Full credit goes to Shubook, which actually gives you a list of authors with the note "X books" under each author's name if you choose the authors view. Sadly Shubook, despite ten years of development, remains incapable of formatting ebooks correctly. It doesn't do block quoting, different fonts, font size changes, or really any formatting more sophisticated than "here's a new paragraph, here's a page break." It's like trying to read a book in a 1980's DOS word processor - perfectly possible, but not necessarily the best experience, especially for nonfiction with lots of blockquotes, or any book where layout and formatting are important. Morgan put up with the formatting because she refused to use anything without a proper author view. I just gave up on having a ton of books on my device and load a few at a time into marvin or into the built in ibooks app.
Marvin does do formatting (not as well as ibooks). But it has a moronic approach to book metadata. Just like MP3s, ebooks have metadata for the author, title, publisher, etc. And because alphabetization is tricky and software is stupid, they have "author sort" and "title sort" fields to ensure that you see Trinh T. Minh-ha's "The Digital Film Event" under D and not T for titles, and T not M or H for authors.
But on my tablet right now, Marvin thinks that Michelle Alexander's "The New Jim Crow" is called "New Jim Crow, The" by "Alexander, Michelle" -- it uses the "how to sort this" field as the display field, which works, yes, but it looks wrong and stupid.

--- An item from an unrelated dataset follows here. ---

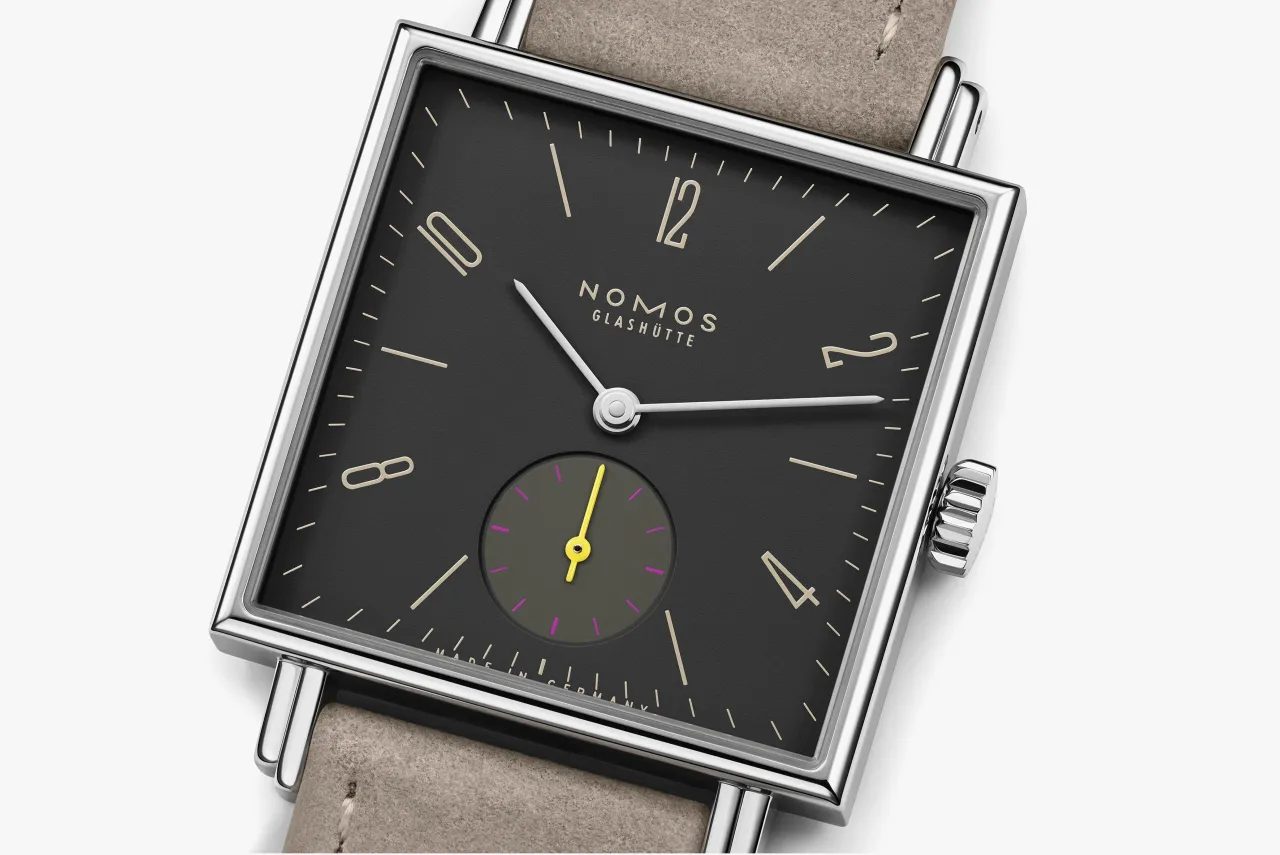 NOMOS Tetra Basalt Anthracite Otomatik 440SB detay görseli 4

Not the Shubook is any better - it blithely ignores the sort field, and instead just assumes the last word in the author field is the author's surname, putting Ursula Le Guin under Guin. That's if you change the default book import behaviour to ignore the file name and instead use the metadata -- because by default, Shubook just grabs the string from the book's file name and assumes it's in the format "Title - Author." This does not work well if you use some other naming system, like "Series - Title - Author" or, god forbid, "Author - Series - Title."
And for added WTFery, Marvin does epub and CBR (graphic novel) formats, but not PDF. Shubook does epub and PDF now, but it used to not do PDF (or maybe we tried loading PDFs into it and it handled them incredibly poorly), and it does not handle CBR. And there is not a single app in existence that can display both epub and mobi format books. So, if you read a wide range of stuff, you're going to inevitably need both conversion software and multiple apps -- especially since PDFs do not convert into any other format in a readable manner.
In short, after a decade, there still is not an app for reading ebooks on IOS devices that is not stupidly horrible or cripplingly limited in one way or another. I assume it's just as bad on Android.